What you are asked to do — In the copy, include all of the listing exactly and none of its pictures.
Source data: Begin
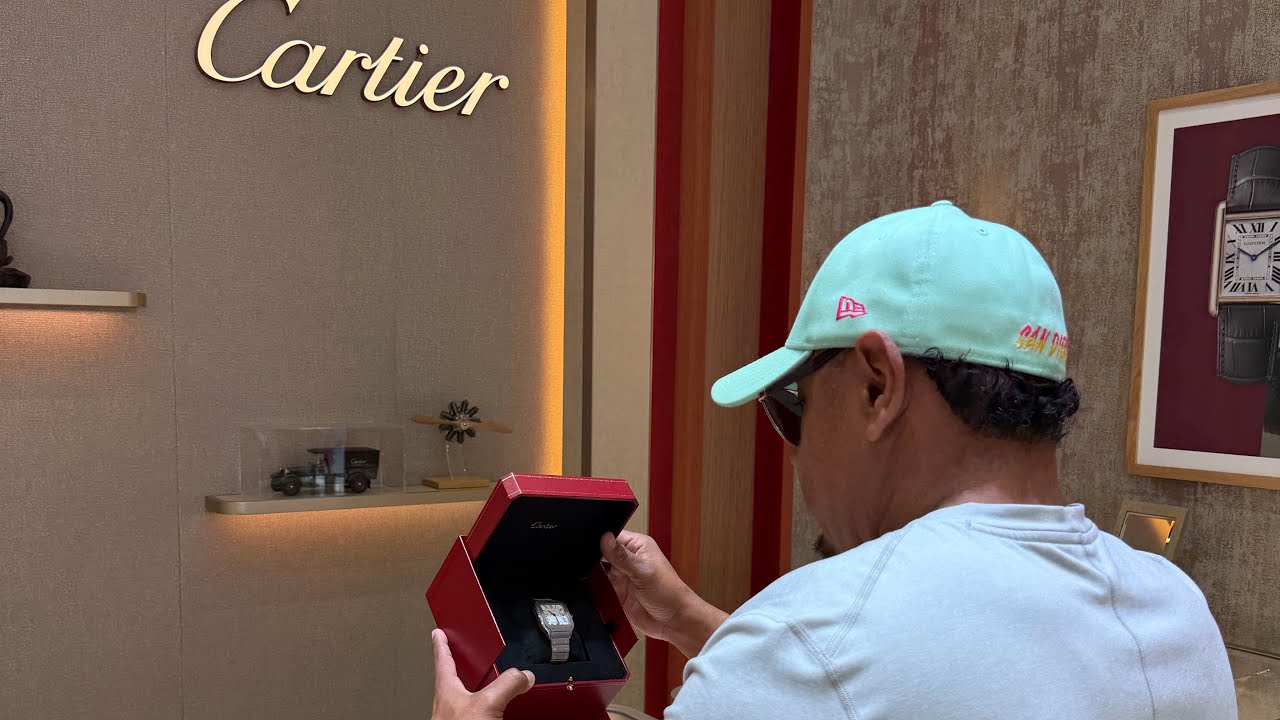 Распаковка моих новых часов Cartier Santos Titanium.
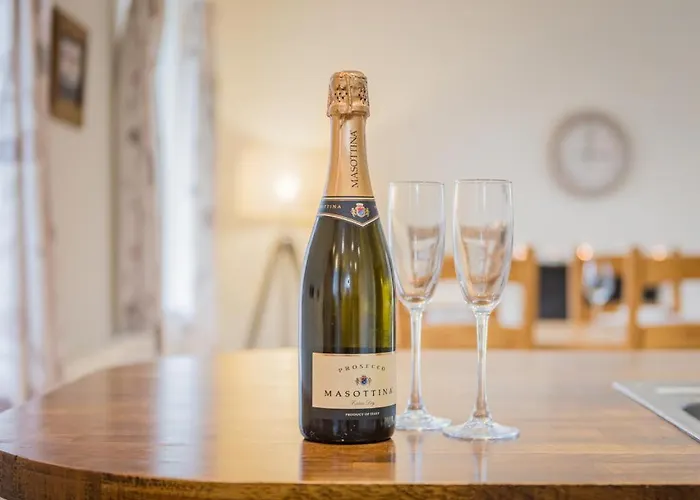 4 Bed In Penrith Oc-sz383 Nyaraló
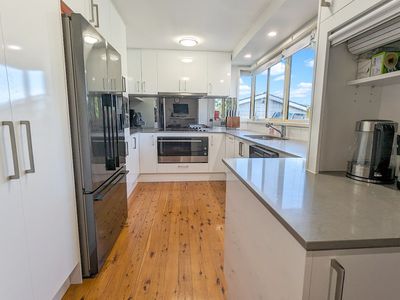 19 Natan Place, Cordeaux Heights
Source data: End
Exercise output —
 Распаковка моих новых часов Cartier Santos Titanium.
 4 Bed In Penrith Oc-sz383 Nyaraló
 19 Natan Place, Cordeaux Heights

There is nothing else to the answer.